Meanwhile, 60% in favour of EU accession and those are numbers from just before the current escalation and with the fisheries policy still being a giant unsolved issue. Might actually fall under the bus because tough luck getting the parliament to reform it if there's no need and with all those minerals Greenland isn't as keen on fishing, any more.
I understand this is a joke and all, but this is about 1% of the population. I don't know how easily Greenlanders have access to the internet and such and how this was distributed, but I actually think 1% is not a bad turnout here
If the polling organizer did its job correctly and removed bias from their sampling, a beautiful law in statistics has been proven, stating that small-ish samples are representative of the whole population if it follows e.g. a normal distribution. It's called "law of large numbers".
Is 500 really big enough to get a proper spread though? Iirc my statistics course (which i don't all that well tbf) you need a pretty significant sample still, would think a few thousand at least
That's 1% of their population. For comparison, if you polled Spain's 1% of population, it would have been around 470.000 people (I'm using the 47.000.000 population from memory though)
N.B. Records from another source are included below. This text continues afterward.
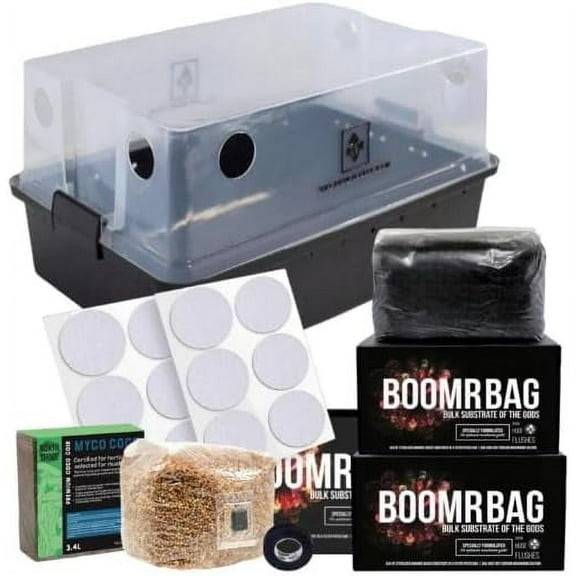 North Spore + Max Yield Bins 'Boomr Bag' Monotub Kit | Complete Dung-Loving Mushroom Grow Kit | Includes Monotub, Sterile Substrates, Coco Coir & Filters - Just Add Spores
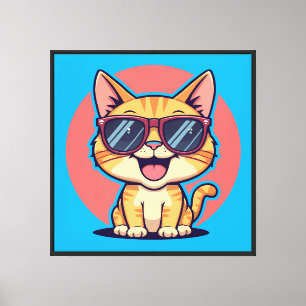Lienzo Guay Cat con gafas de sol - Diseño divertido y gat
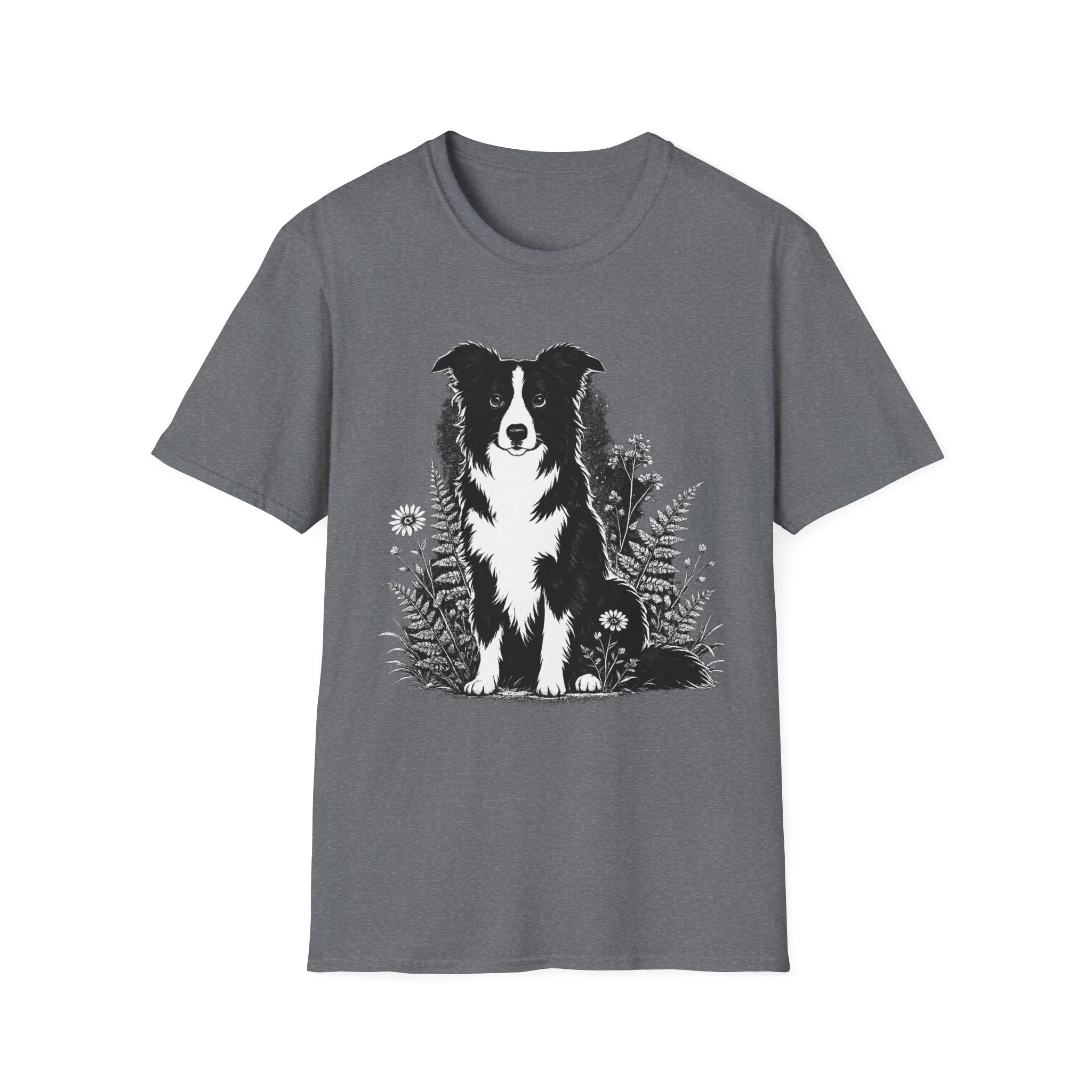 Border Collie Floral Tee — Black & White Dog Illustration T-Shirt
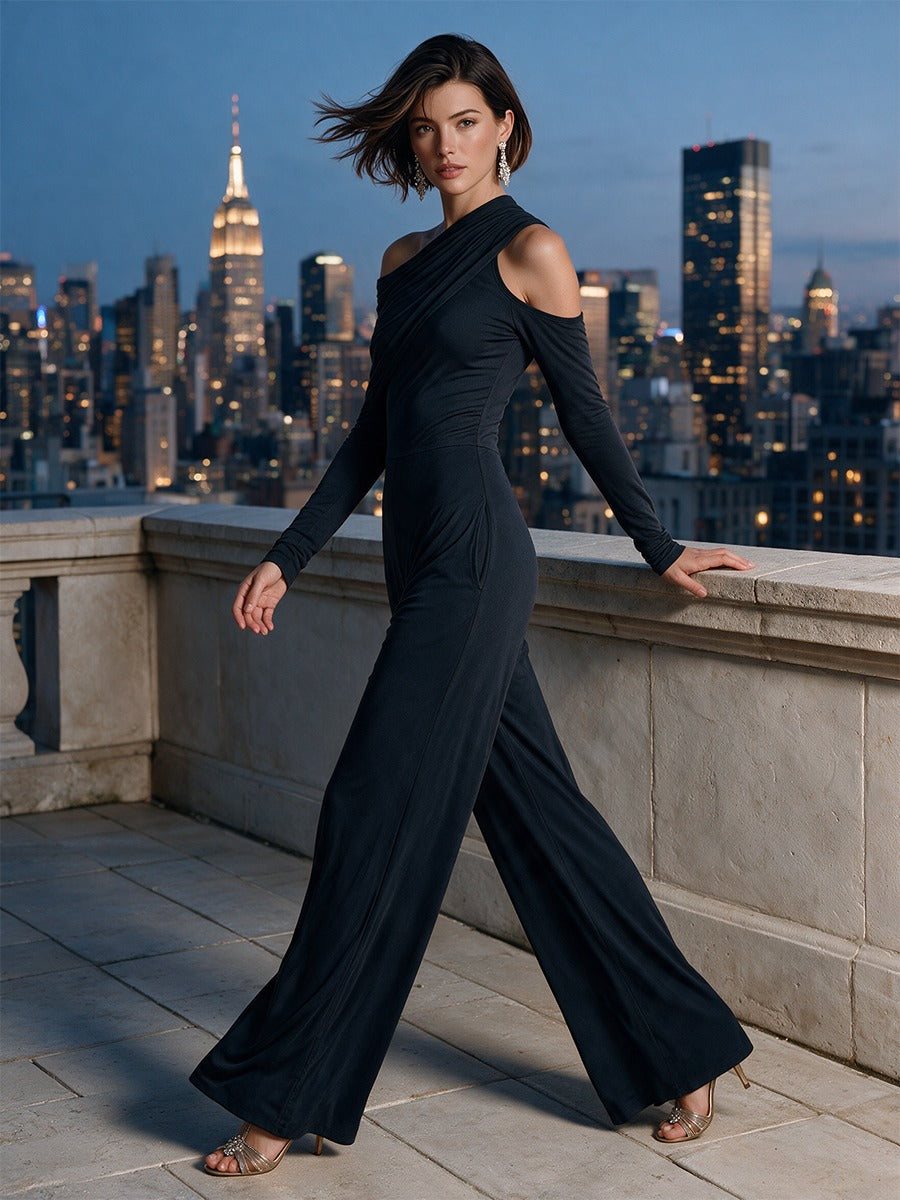 Raffaella | Chic One-Shoulder Black Jumpsuit with Flared Legs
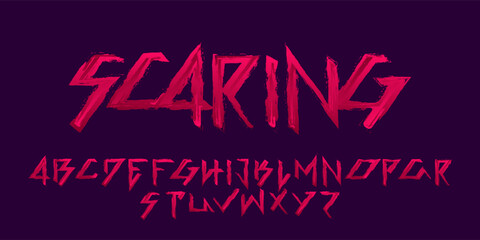 Scaring alphabet font. Bloody angular letters and numbers. Stock vector typography for your Halloween typography. © epifantsev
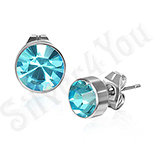 Cercei inox rotunzi cu piatra rotunda bleu 7 mm - PK1768 Cercei inox rotunzi cu piatra rotunda bleu 7 mm - PK1768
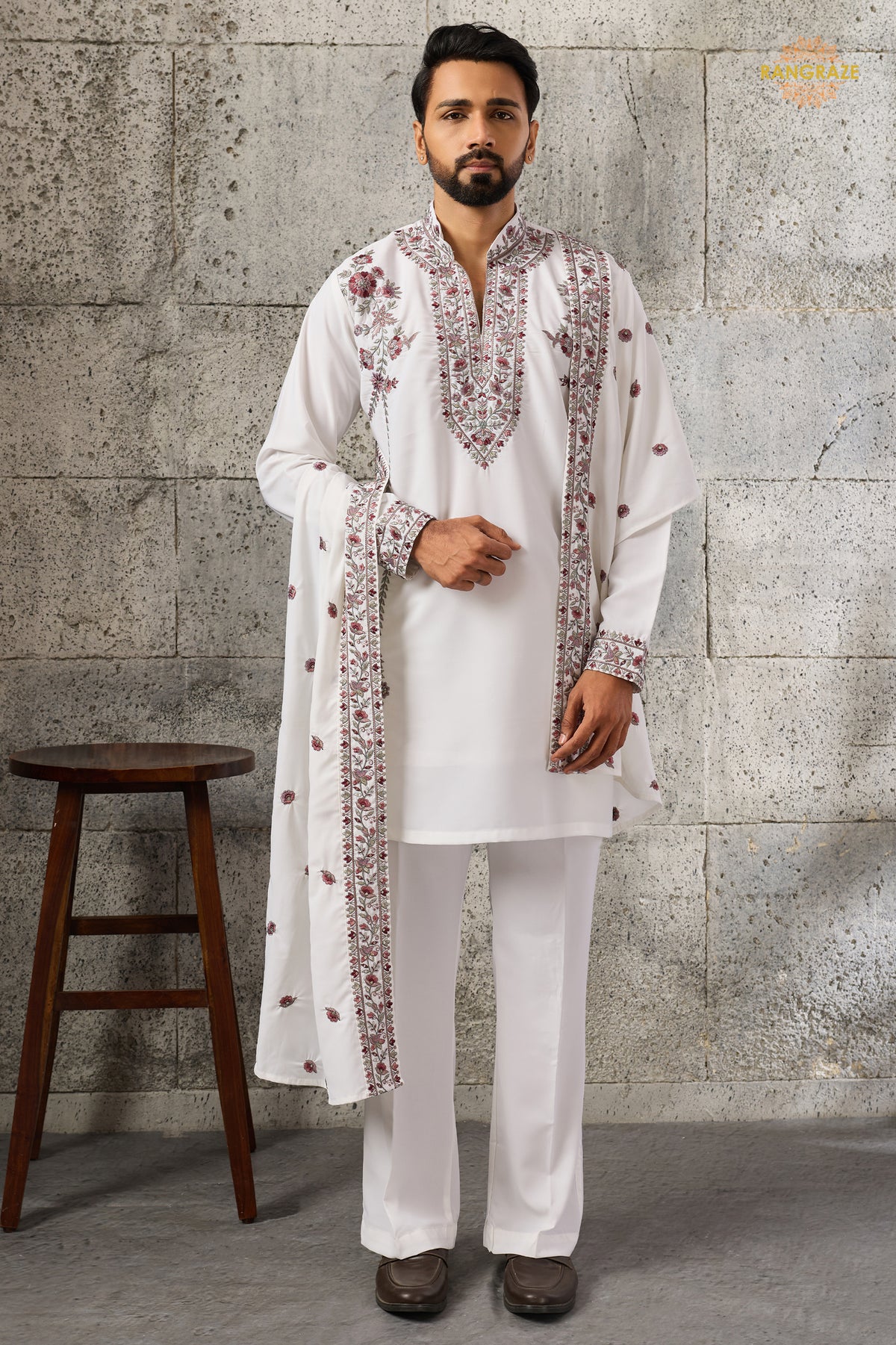 White Embroidered Japanese Men Kurta Pajama With Dupatta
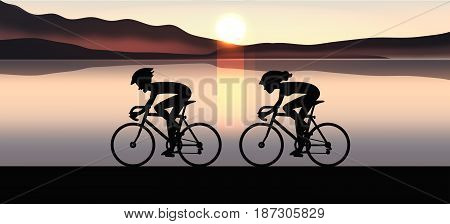 Bicycle Racing Silhouette Sunset Background,vector Illustration  Character.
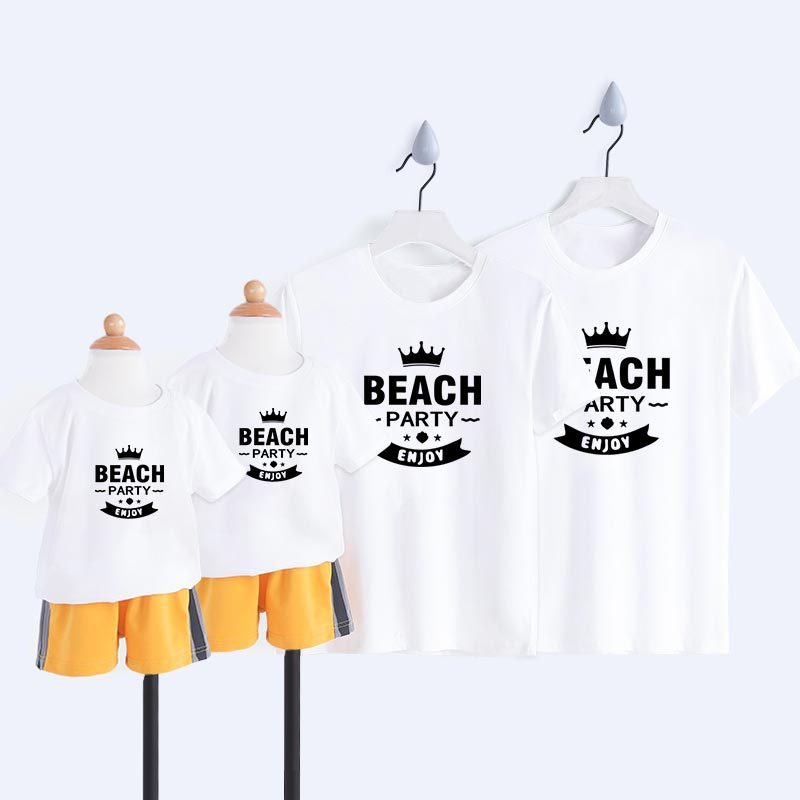 T-Shirt Parent-Enfant à Col Rond avec Imprimé Lettre Couronne — T-shirts pour hommes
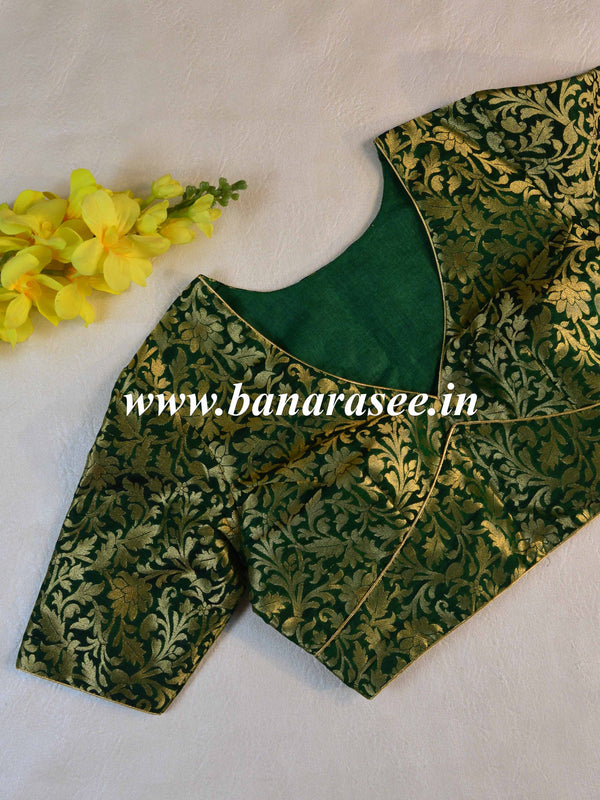 Banarasee Art Silk Fabric Zari Jaal Blouse-Green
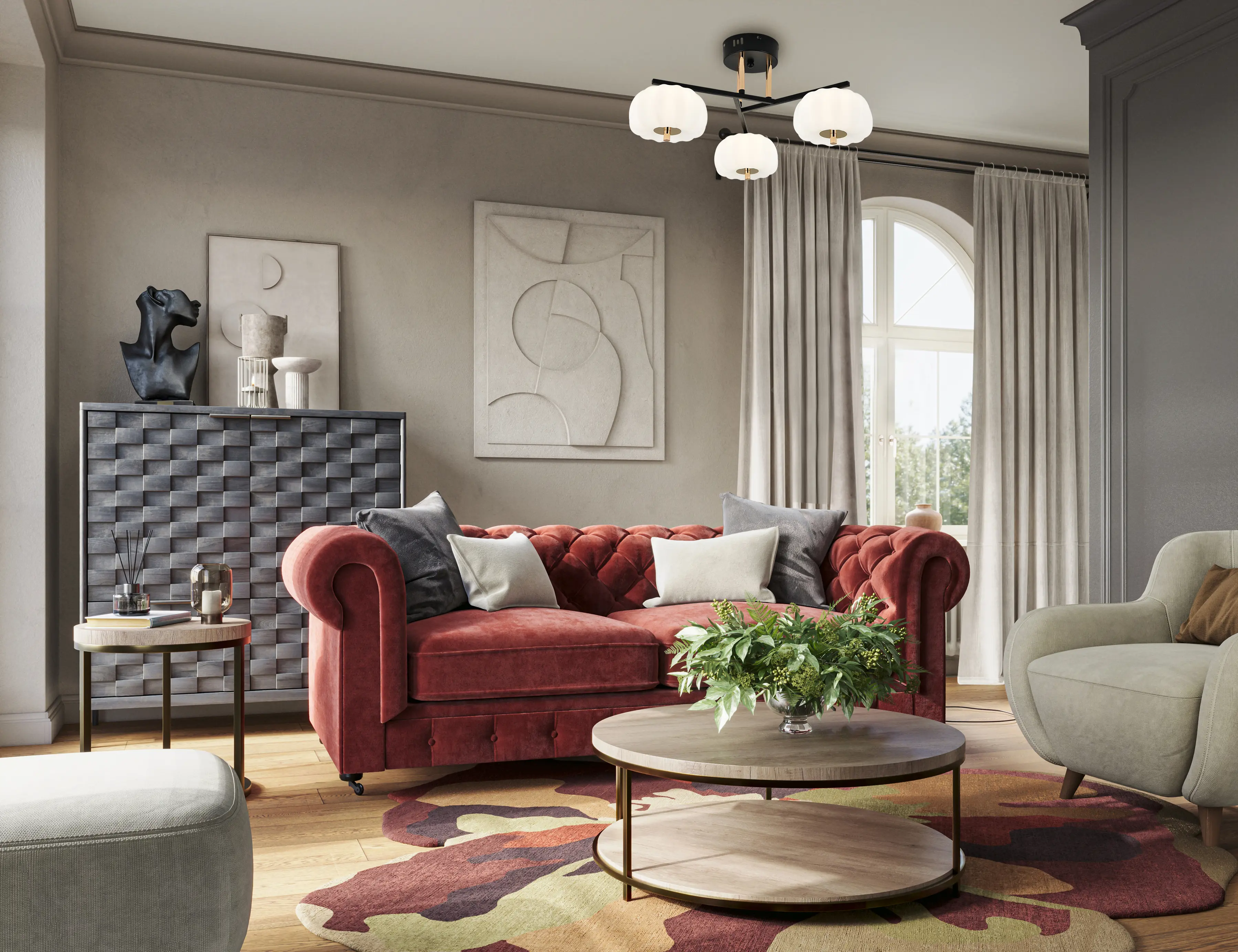 Изображение товара Люстра на штанге светодиодная Escada Halma 10301/3led 9 м² регулируемый белый свет цвет черный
A general rule with polls is that you'll never get a result below 5% on a question with 2 options. Those people mostly weren't paying attention, didn't understand the question, didn't care or intentionally chose a contrarian response.
They would be, but the opinion of the common folk lend a lot to where a particular war goes. The United States are not as top-down as the administration and media would have you believe.
The Iraq war had a lot of initial support which dropped off quickly. This war? I don't even see it having that first push support.